Do you believe that you know the truth when you hear it?
This morning, near the end of a long, otherwise-waste-of-time meeting, those of us in attendance were asked to provide feedback about a recent workshop experience. Now, given that I had been unable to attend that particular event, I was obviously unable to offer up any commentary.
So, I sat and just listened.
The first person to speak happened to provide some quite-critical remarks. But, he did it in a very gentle, thoughtful and articulate way, and it was obvious that he was speaking from the heart.
Ahhh, I said to my self, a truth-teller.
I was pretty amazed. This is not a group that, in my experience, can “tell it like it is.” It’s just not a safe enough environment in which to express one’s honest beliefs most of the time.

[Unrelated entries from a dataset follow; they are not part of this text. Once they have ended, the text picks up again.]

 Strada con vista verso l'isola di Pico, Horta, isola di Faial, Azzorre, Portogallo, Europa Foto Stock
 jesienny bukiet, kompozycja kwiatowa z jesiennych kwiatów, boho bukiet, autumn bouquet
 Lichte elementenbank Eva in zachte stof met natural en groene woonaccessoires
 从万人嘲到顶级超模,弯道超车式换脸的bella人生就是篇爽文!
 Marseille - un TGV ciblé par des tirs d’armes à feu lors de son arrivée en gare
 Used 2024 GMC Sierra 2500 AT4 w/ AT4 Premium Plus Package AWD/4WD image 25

So, here’s something I know: there’s hardly anything in the world that’s quite as refreshing as an honest person speaking his or her own truth. (Especially when there may be some kind of risk involved.) You know: someone who just kind of lets it all hang out there, despite the possibility of consequences.

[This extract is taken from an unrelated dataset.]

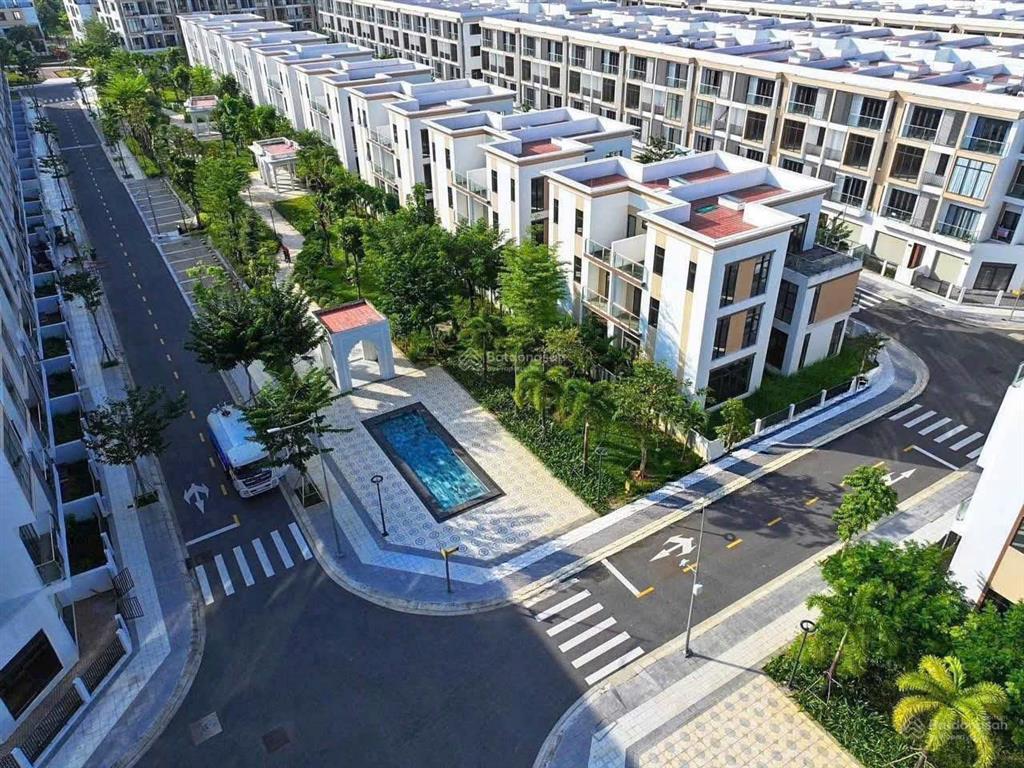 6 tỷ mua ngay căn nhà phố 4 tầng, đối diện phố ẩm thực, công viên cực đẹp ngay t&t millennia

This happens to be the second time in a week I’ve witnessed an apparent truth-teller. Last Friday night, Bill Maher interviewed presidential candidate John Edwards on HBO’s “Real Time With Bill Maher.” Edwards is proposing a universal health-care system that would need more tax dollars to support. He openly admits that, regarding the most important issue he voted on in the U.S. Senate, the war in Iraq, he got it wrong. (!) And, he is against the current W. proposal for a “surge” and has a plan to disengage us from that debacle in about a year’s time.
Wow. A politician who admits a mistake. Someone who says he’d actually raise taxes. Pretty radical stuff.
Even Bill Maher was rather amazed, and observed that individuals who are that honest don’t typically get elected.
Edwards suggested we change all that in 2008.
So, what do you think? Does an honest politician exist? Is Edwards that person? Could this country possibly elect such an individual to our highest office?